Think about it. How likely would you be to buy stock in a company if you thereby ran the risk of being found personally liable for improper or negligent corporate behavior?

Several commentators have noted that Hobby Lobby is effectively asking for the best of both worlds.  Its owners want to benefit from the protection against personal liability, but they don’t want to recognize that the corporation is an artificial entity not entitled to personal individual rights.

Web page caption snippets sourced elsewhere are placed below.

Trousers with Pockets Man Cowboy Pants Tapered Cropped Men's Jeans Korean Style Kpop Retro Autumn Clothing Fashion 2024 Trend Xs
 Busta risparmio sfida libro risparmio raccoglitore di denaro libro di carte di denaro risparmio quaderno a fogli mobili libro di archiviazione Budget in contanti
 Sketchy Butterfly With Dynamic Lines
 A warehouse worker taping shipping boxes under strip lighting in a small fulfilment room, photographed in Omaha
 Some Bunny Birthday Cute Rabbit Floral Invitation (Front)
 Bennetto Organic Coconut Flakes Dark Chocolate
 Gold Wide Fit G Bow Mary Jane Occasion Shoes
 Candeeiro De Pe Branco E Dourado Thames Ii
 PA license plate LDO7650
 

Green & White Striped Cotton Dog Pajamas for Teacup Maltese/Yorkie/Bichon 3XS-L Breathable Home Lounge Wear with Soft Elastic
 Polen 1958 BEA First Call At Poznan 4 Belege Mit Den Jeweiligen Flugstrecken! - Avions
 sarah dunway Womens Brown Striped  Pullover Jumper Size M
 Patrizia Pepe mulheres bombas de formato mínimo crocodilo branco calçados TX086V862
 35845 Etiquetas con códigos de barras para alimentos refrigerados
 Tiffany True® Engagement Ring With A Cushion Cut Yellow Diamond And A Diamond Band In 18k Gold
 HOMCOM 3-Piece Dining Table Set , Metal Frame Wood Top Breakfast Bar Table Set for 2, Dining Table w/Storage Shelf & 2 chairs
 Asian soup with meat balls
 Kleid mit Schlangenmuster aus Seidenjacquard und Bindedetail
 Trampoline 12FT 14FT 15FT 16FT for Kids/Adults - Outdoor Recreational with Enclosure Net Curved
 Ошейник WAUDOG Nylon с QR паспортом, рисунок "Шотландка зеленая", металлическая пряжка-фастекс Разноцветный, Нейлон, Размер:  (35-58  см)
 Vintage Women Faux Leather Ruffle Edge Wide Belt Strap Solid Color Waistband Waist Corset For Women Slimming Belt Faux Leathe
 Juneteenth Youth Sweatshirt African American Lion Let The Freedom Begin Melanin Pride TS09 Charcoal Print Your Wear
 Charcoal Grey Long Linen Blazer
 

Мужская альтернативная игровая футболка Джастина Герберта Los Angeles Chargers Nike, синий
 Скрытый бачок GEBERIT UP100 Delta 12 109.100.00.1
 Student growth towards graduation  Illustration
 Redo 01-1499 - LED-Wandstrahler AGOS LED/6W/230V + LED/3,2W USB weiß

Hobby Lobby and Conestoga argue that they should be exempt from federal law because of the religious values of their controlling shareholders, while seeking to maintain the benefits of corporate separateness for all other purposes. These corporations have benefited from their separateness in countless ways and their shareholders have been insulated from actual and potential corporate liabilities since inception. Yet now they ask this Court to disregard that separateness in connection with a government regulation applicable solely to the corporate entity.

If the Court rules in favor of Hobby Lobby–if it finds that a corporation can assert a religious right to discriminate–it will be the beginning of the end of limited liability and corporate immunity for shareholders.

It’s tempting to say “it would serve them right,” but the truth is, such a result would be a body blow to business and the American economy.

There’s a reason the business community has stayed out of this litigation.